Time to Drop Case Against Workman
Just two of the five people who were West Virginia Supreme Court justices less than four months ago remain on the bench. Three justices have resigned in a scandal over corruption, mismanagement and waste of taxpayers’ money.
It may be time to call it a day, as we in the Mountain State say sometimes.
Former Justice Menis Ketchum quit and pleaded guilty to federal criminal charges. Former Justice Robin Davis resigned after being impeached. Former Justice Allen Loughry, after being convicted of 11 criminal counts, finally stepped down on Monday.
Justice Elizabeth Walker was impeached but acquited by the state Senate.

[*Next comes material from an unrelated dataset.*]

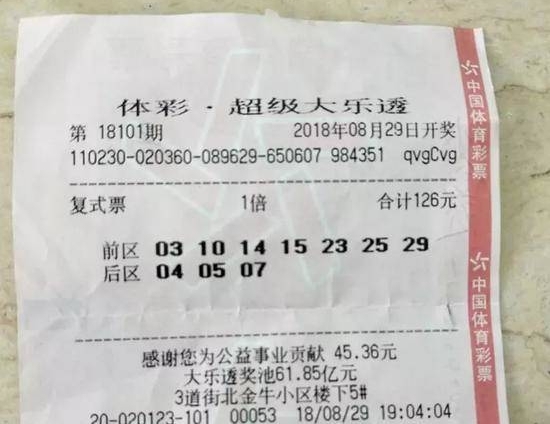 ����6�껨��ʮ�����Ʊ ��645��ȴ��̫���ˣ���������ծ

Justice Margaret Workman, also impeached, did not go to trial in the Senate because the court, with five temporary justices sitting on it, ruled it would be unconstitutional for her trial to proceed.

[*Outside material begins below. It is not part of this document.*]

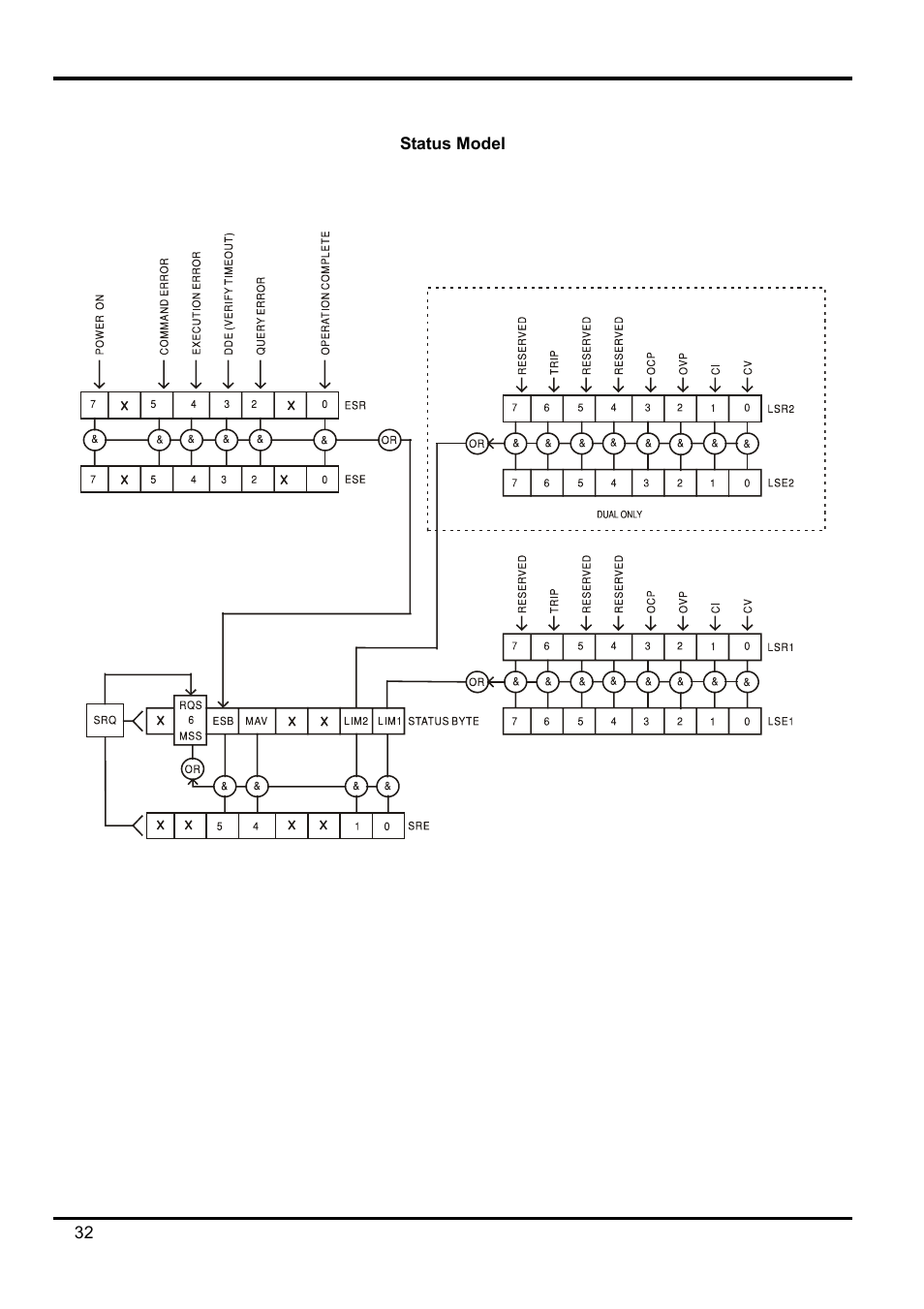 AMETEK XEL Series 60V and below User Manual | Page 36 / 186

There seems to be little sentiment in favor of the House of Delegates attempting to resolve the constitutional question by moving to impeach Workman again. Unlike Ketchum and Loughry, she has not been accused of criminal wrongdoing.
It has been suggested another impeachment proceeding might be a good thing simply in order to settle questions of proper procedure, should such action ever be needed in the future.
Surely there is some other way of ensuring a future impeachment is handled properly.
Forcing three of the five justices out certainly would seem to have sent the message that West Virginians will not tolerate wrongdoing and waste by the court. It may be time to drop the Workman case and move on.